The statistics show forwarded datagram count, average datagram size, and average throughput since the tunnel started. On a v2 server, they also show a rolling latency average, p50, p99, and maximum for the most recent 1,024 datagrams. The compact display activates only on an interactive terminal; when output is redirected, normal line-oriented logs are kept so they remain easy to capture and process. Its statistics line identifies the active client, server, or producer route; event lines use short actions such as forwarded, published, and sent rather than repeating the route for every datagram.

Latency telemetry

Each DTEP v2 datagram carries the client wall-clock timestamp in microseconds. The server prints its per-datagram tunnel latency and, every five seconds, reports interval average, p50, p99, and maximum latency. These figures require the client and server clocks to be reasonably synchronized (for example, with NTP); a client clock ahead of the server is reported as unavailable rather than as a misleading negative latency.

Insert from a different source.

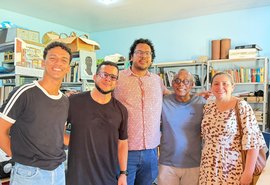 Acervo do pesquisador Zezito Araújo é doado à Ufal e será preservado por parceria entre NEABI e Laged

For server tunnels, udp_destination = "replicate_client" republishes to the same multicast group and port joined by the client. Omitting udp_destination retains the same legacy behaviour. Set it to an explicit IPv4:port endpoint when the destination network should use a different group. Client-group replication is for different source and destination subnets: using it on the same subnet can create a multicast feedback loop. The server disables its own local multicast loopback in replication mode, but it cannot prevent a separate client host on the same subnet from receiving and re-forwarding the packet.

Direct command-line use

Start the server before the client.

dgramtunneler --server -i <udp_interface> -t <tcp_listen_port> [-u <udp_dst_ip>:<port>]
dgramtunneler --client -i <udp_interface> -t <tcp_srv_ip>:<tcp_srv_port> -u <udp_dst_ip>:<port>

The server's -u destination is optional: when absent, it republishes each datagram to the multicast group encoded by the client.

Create release packages

The root VERSION file is the release version. To create installable artifacts for the current platform:

cmake -S . -B build-cmake -DCMAKE_BUILD_TYPE=Release
cmake --build build-cmake
cpack --config build-cmake/CPackConfig.cmake -B release-artifacts

This produces .tar.gz and .zip archives named dgramtunneler-<version>-<system>-<architecture>. Linux also produces a Debian .deb package.

For Homebrew updates, use the tap release procedure.

Publish a release

Pushing a semantic-version tag automatically validates the matching VERSION file, builds and tests release packages on macOS, Ubuntu, and Windows, creates the GitHub Release, uploads the artifacts, and attaches a SHA256SUMS file.

When the Homebrew tap automation is configured, publishing the release also opens a reviewed formula-update pull request in the tap. See the tap release procedure for the one-time credential setup.

After merging the version bump to master:

git tag -a v<version> -m "DatagramTunneler <version>"
git push origin v<version>

The tag must exactly match VERSION: for example, VERSION 1.1.0 requires tag v1.1.0.

Tests

The test suite covers protocol framing, command and configuration parsing, named-tunnel commands, and a loopback multicast round-trip test when Python 3 is available.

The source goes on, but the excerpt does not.